I know I go to a lot of effort to keep my salary a secret (I don't make much, but gosh the workplace is full of drama queens!) So any agency that is reporting my salary has got to go.

wateristasty said:   Does this surprise anyone? Privacy is gone now, don't expect it.It will surprise me when we become like the UAE and your insurers/credit card issuer decide to cut your credit lines the day you're laid off/fired/quit.

soundtechie said:   I know I go to a lot of effort to keep my salary a secret (I don't make much, but gosh the workplace is full of drama queens!) So any agency that is reporting my salary has got to go.

many companies have policies that you are not to share your salary/compensation -- shocking how freely the companies share this info with an outside company and they might be violating their own policy

So I attempted to access the site referenced in the article:

http://www.theworknumber.com/Employees/

They appear to initiate the login process with your employer code, which can be looked up via a pop-up.

I could not find my last 4 employers listed there.

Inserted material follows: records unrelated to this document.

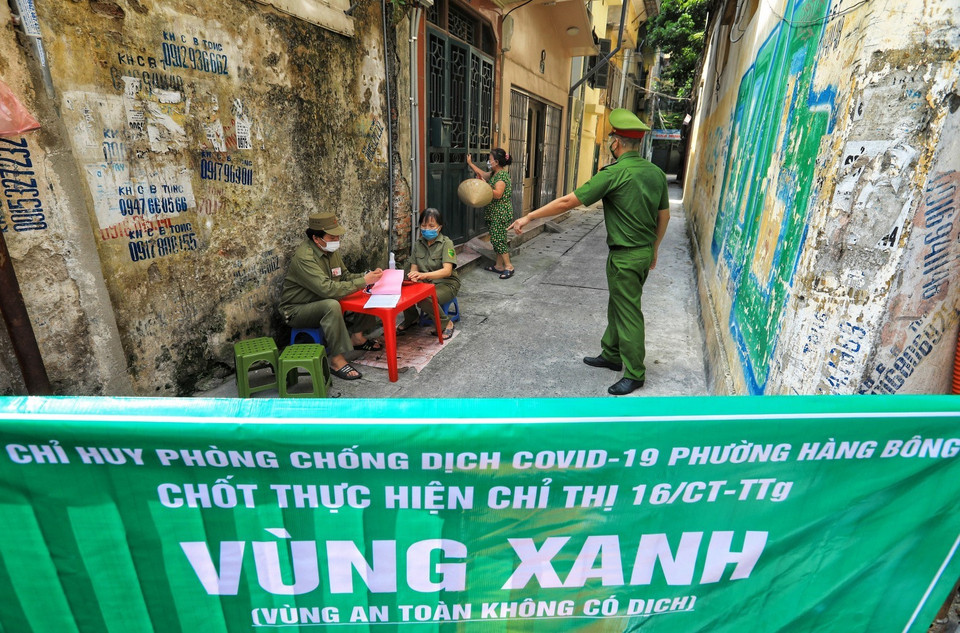 Vùng xanh - tấm khiên chắn dịch được phường Hàng Bông triển khai sớm từ sáng 5/8. (Ảnh: Thành Đạt/TTXVN)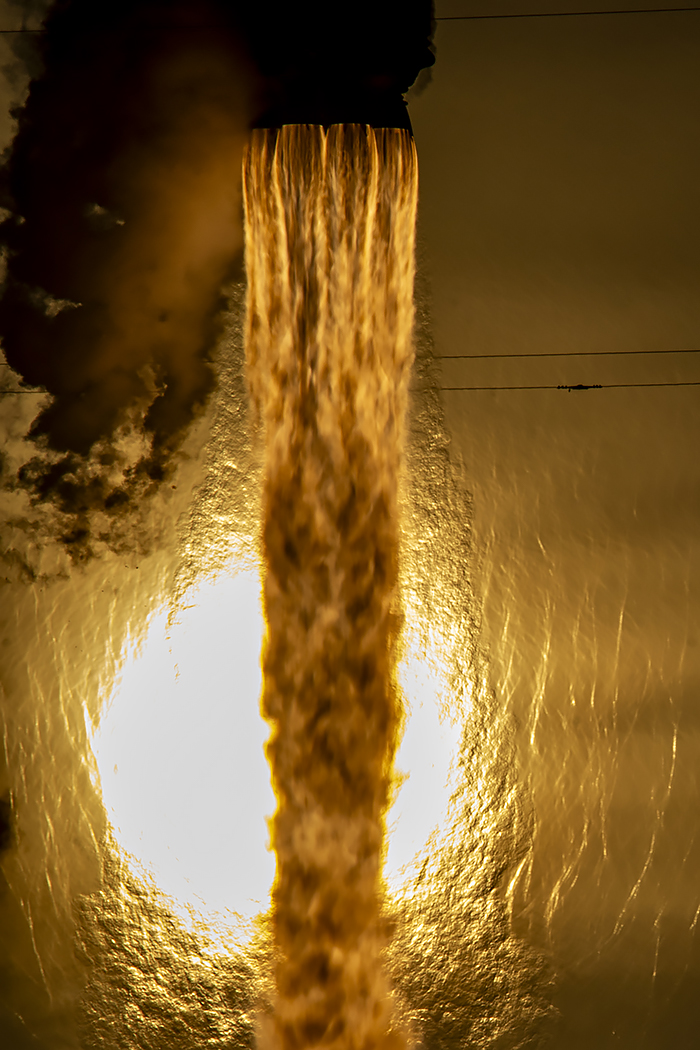 APOD: 2024 September 28 – Rocket Eclipse at Sunset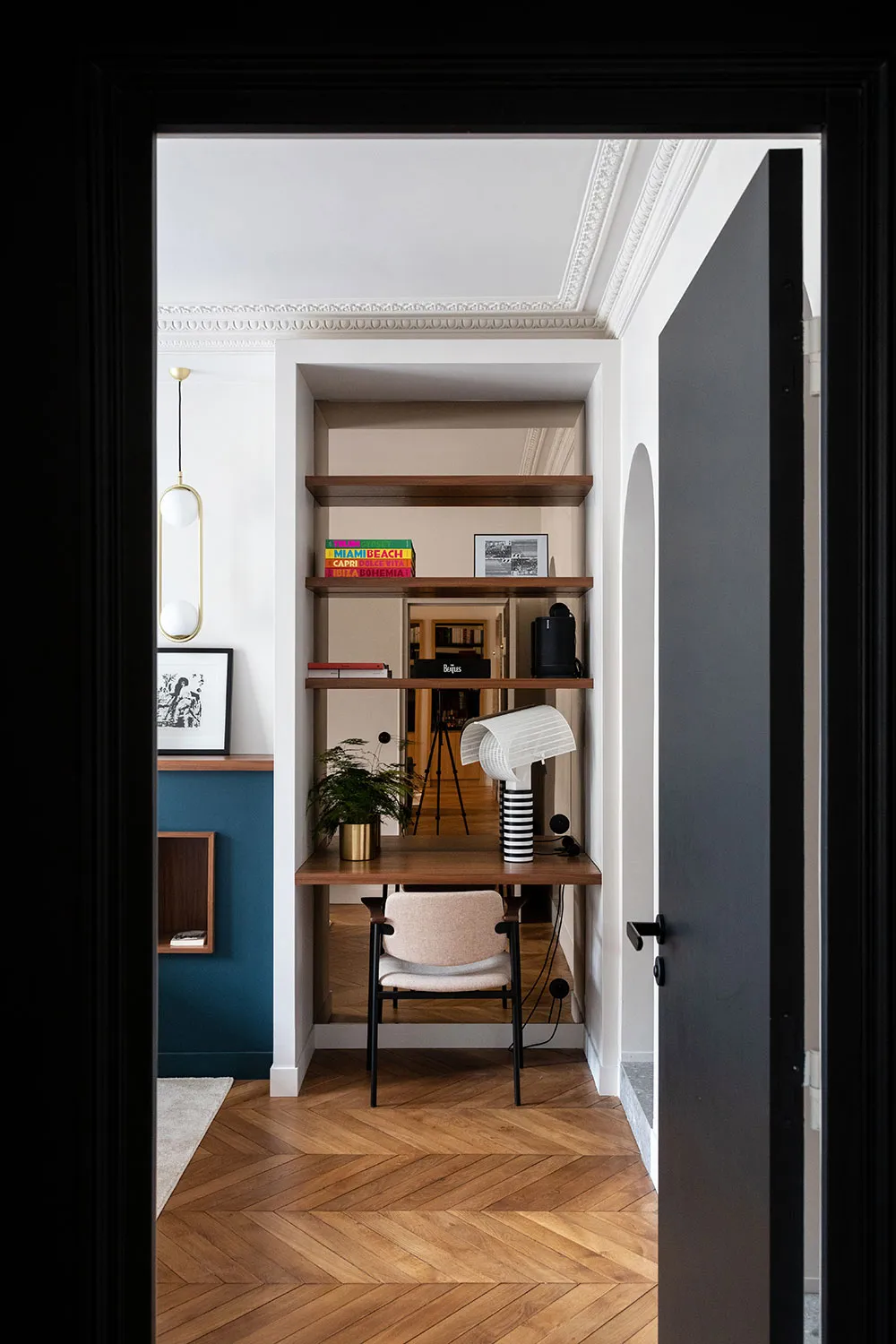Charmante appartement parisien avec un décor moderne élégant - Gallery image 20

It appears you might be more at risk if you are working for larger companies (I saw many well known retailers listed).
What I am curious about is how these collectors and others access this data. I can only look myself up with an employer code - but do they have historical information on me (of course they do!).
I'm sure that the companies can look me up via name or SSN and find out all the info they might have on me.

I acknowledge that those who are offering you credit have the right to find this data out (after all if you tell them you make $75K, they should have a way to legally verify it). However they should have to get this information directly from an employer after you release it. I don't like the idea of these private companies collecting this data, because they obviously aren't playing by the rules if people are getting this data without authorization. We need way more oversight of these CRAs and heavy fines for breaches of personal data.

Anyone ever seen their report? I tried to get one online but no luck. I'm going to request via mail.


My company's listed, but when I try to login it asks for a user id. I tried typing in some random ones and each time it led to a screen where it showed you a "security image" (like at banks, which you're supposed to recognize) and asked for a PIN (which I obviously didn't have).

I'm not terribly concerned about this idea in theory, but this implementation seems entirely haphazard and that's what makes me very uncomfortable with it.

Edit: Here's their demo on how to login: http://www.theworknumber.com/demos/employees/employmentdatarepor... I love how they don't even attempt to tell you where you're supposed to get the user id and PIN from.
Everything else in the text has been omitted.